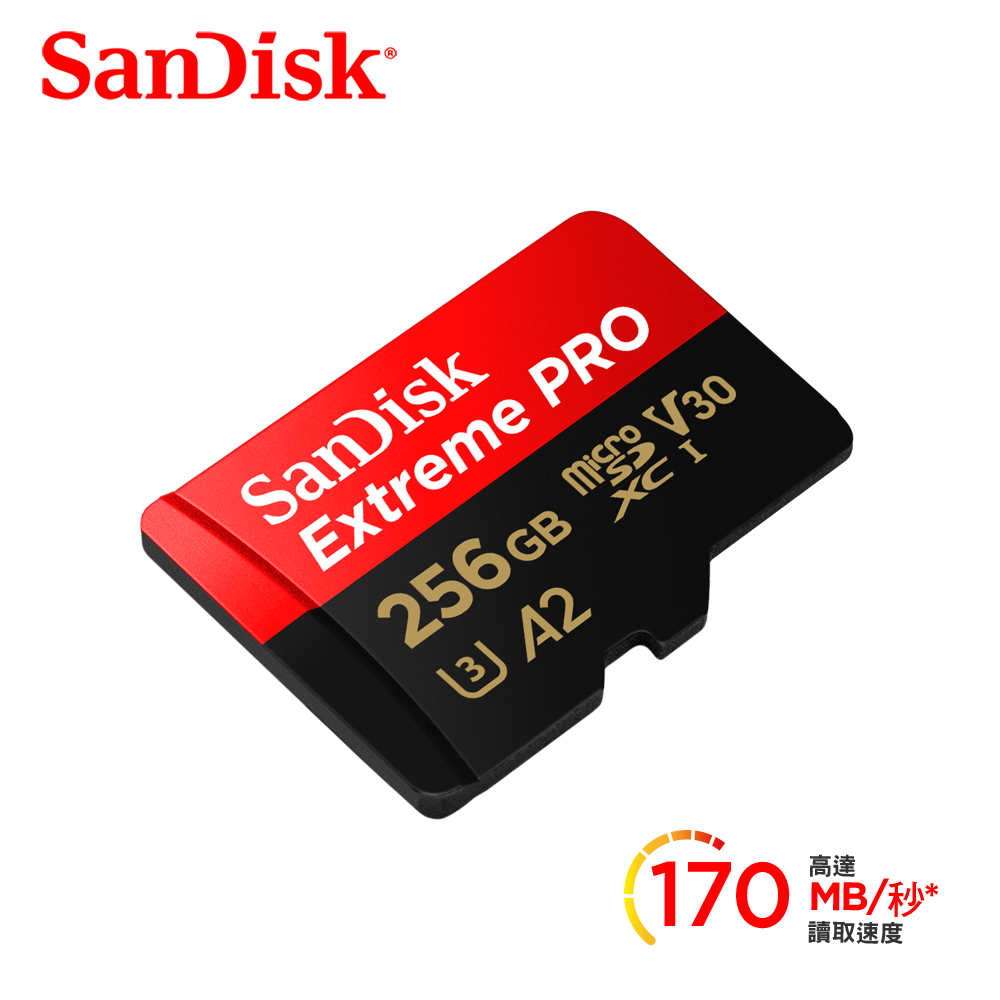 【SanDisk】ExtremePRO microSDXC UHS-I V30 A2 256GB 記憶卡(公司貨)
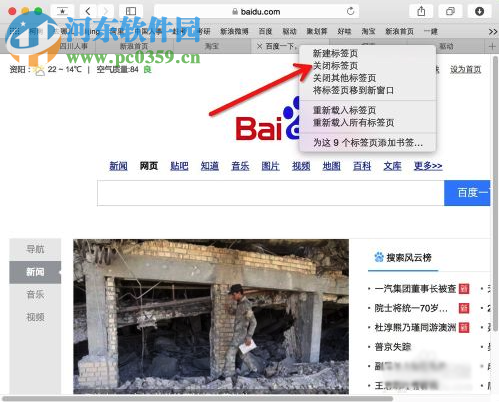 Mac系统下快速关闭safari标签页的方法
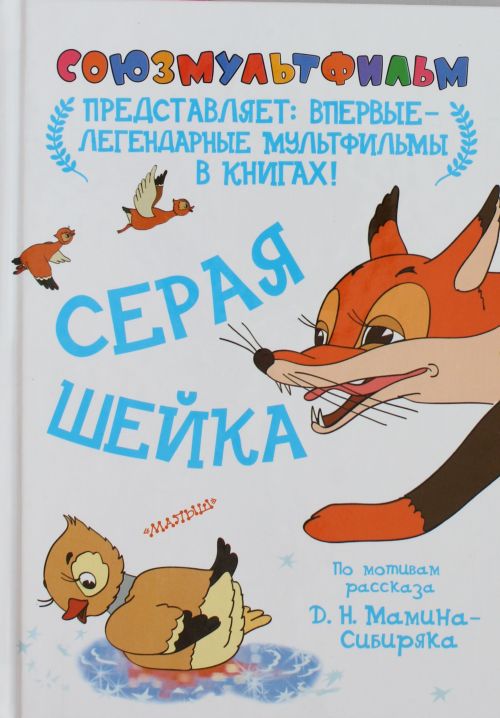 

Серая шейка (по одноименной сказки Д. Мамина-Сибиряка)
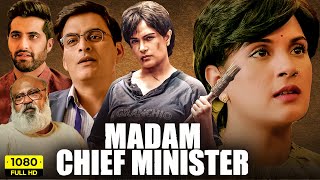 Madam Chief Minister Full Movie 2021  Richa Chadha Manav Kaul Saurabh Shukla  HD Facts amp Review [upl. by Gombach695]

DESCRIPTION OF THE TASK: Everything from the line containing "Mac系统下快速关闭safari标签页的方法" to the last line of the listing above must be reproduced exactly, with no pictures included.

ANSWER TO THE EXERCISE:
 Mac系统下快速关闭safari标签页的方法

Серая шейка (по одноименной сказки Д. Мамина-Сибиряка)
 Madam Chief Minister Full Movie 2021  Richa Chadha Manav Kaul Saurabh Shukla  HD Facts amp Review [upl. by Gombach695]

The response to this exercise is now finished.